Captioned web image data
----------------------------------------

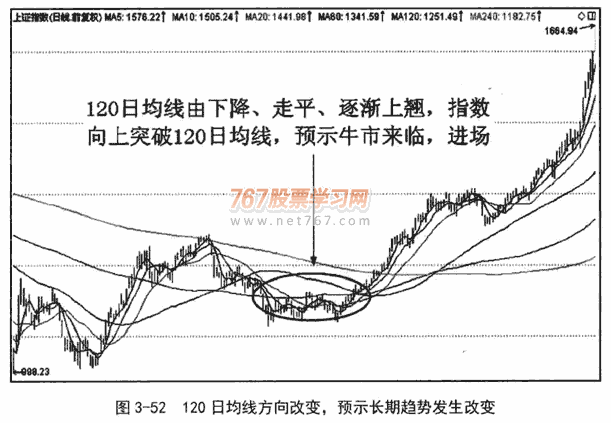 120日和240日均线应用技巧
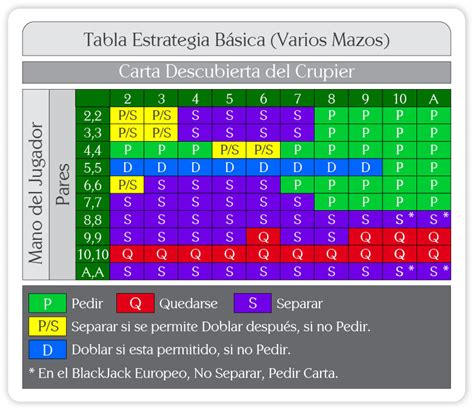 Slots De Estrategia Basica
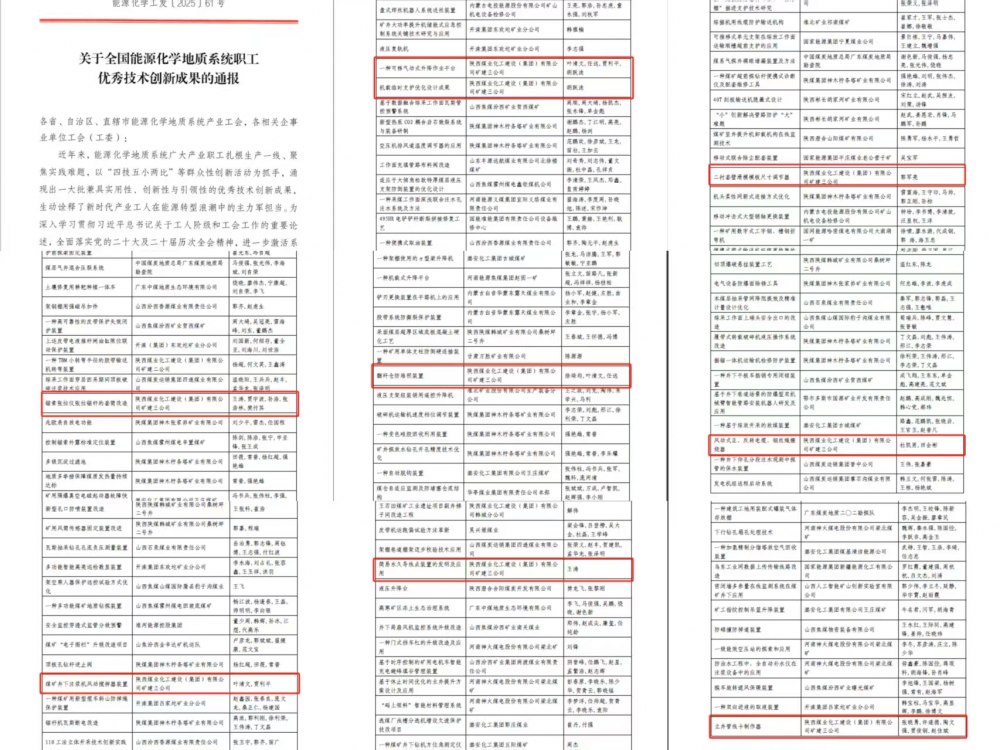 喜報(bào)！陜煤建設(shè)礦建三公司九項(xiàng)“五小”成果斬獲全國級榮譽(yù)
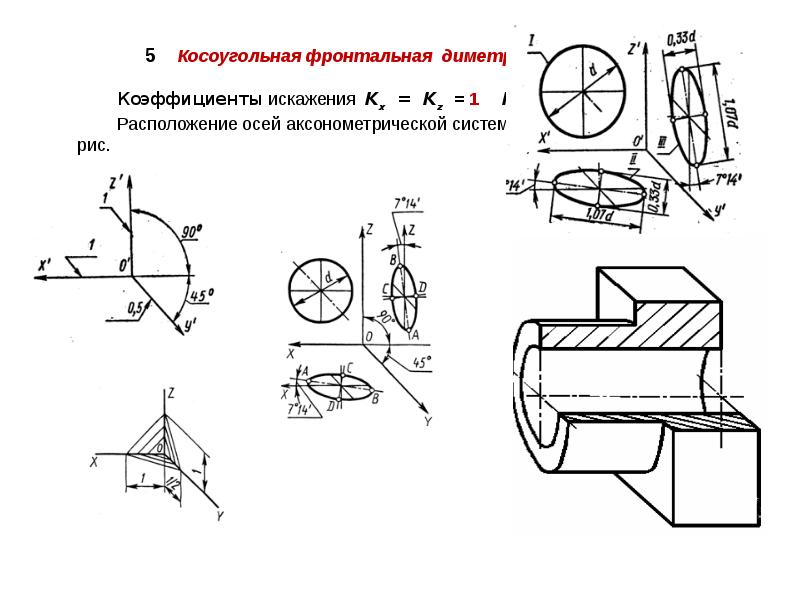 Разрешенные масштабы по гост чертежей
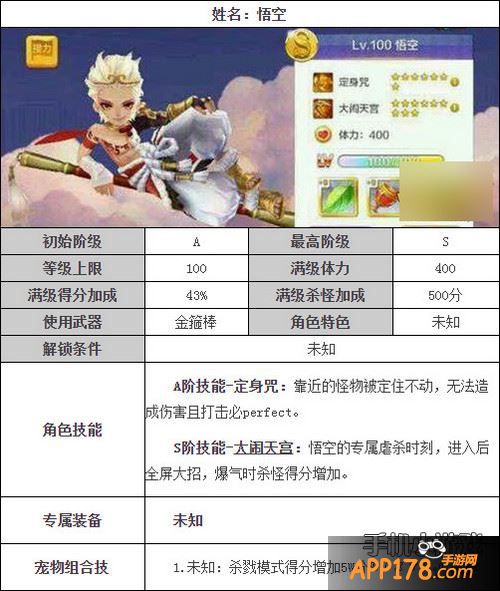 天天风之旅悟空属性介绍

----------------------------------------

INSTRUCTIONS FOR THE TASK – Return nothing except the lines from the line with "Slots De Estrategia Basica" through the last line of the records above, copied exactly and without pictures.

RESULT OF THE EXERCISE –
 Slots De Estrategia Basica
 喜報(bào)！陜煤建設(shè)礦建三公司九項(xiàng)“五小”成果斬獲全國級榮譽(yù)
 Разрешенные масштабы по гост чертежей
 天天风之旅悟空属性介绍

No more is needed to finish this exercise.